Append-only running log. Optimized for an agent resuming the session.

---
id: 001
title: Initial repo setup
started: 2026-04-15
---

## 2026-04-15 10:20 — Kickoff
Goal for the session: <restate>.
Current state of the world: <what's already in place>.
Plan: <rough steps>.

## 2026-04-15 10:45 — First milestone
- Did <thing>.
- User asked to adjust <X>; updated approach.
- Next: <next step>.

## 2026-04-15 11:10 — Blocker
- Hit <issue>; root cause not yet known.
- Decision: defer and continue with adjacent work; revisit after lunch.

Rules:

  • Append-only. Never rewrite history; correct with a new entry.
  • Timestamped headings: ## YYYY-MM-DD HH:MM — short label.
  • Each entry captures what was done, what was learned, and what's next. Blockers and decisions get their own entries and are called out explicitly.
  • On resume, read top-to-bottom, then add a ## <timestamp> — Resume entry before touching anything else.

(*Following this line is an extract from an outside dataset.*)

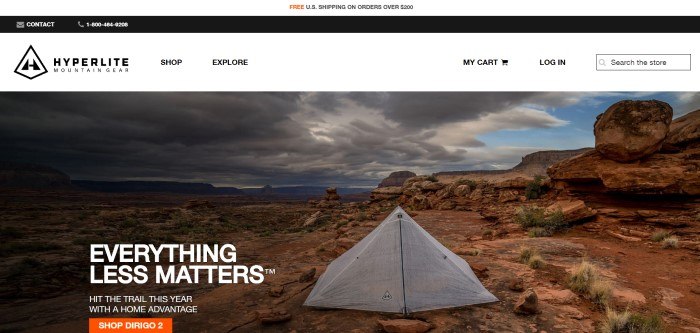 This screenshot of the home page for Hyperlite Mountain Gear has a white and black header, a white navigation bar, and a large photo of a tent pitched in a desert as a storm approaches, next to white text that reads 'Everything less matters' and an orange call-to-action button.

Distinction — SUMMARY.md vs NOTES.md

Aspect NOTES.md SUMMARY.md
Audience An agent resuming this session An agent catching up on this session afterward
Shape Chronological, messy, exhaustive Structured, clean, curated
Write cadence Continuously, append-only Once, at session close
Style Lab notebook Postmortem

Architecture

  • Use hexagonal architecture at all times. Keep business logic isolated from CLI, filesystem, network, storage, and other external adapters.

Process

  • Prefer functional testing before calling any feature complete. Unit tests are useful, but they do not prove the tool works the way the design intends.
  • Take an agile approach to development. Waterfall is explicitly forbidden: underspecify when useful, prototype early, learn from the result, and refine from working behavior.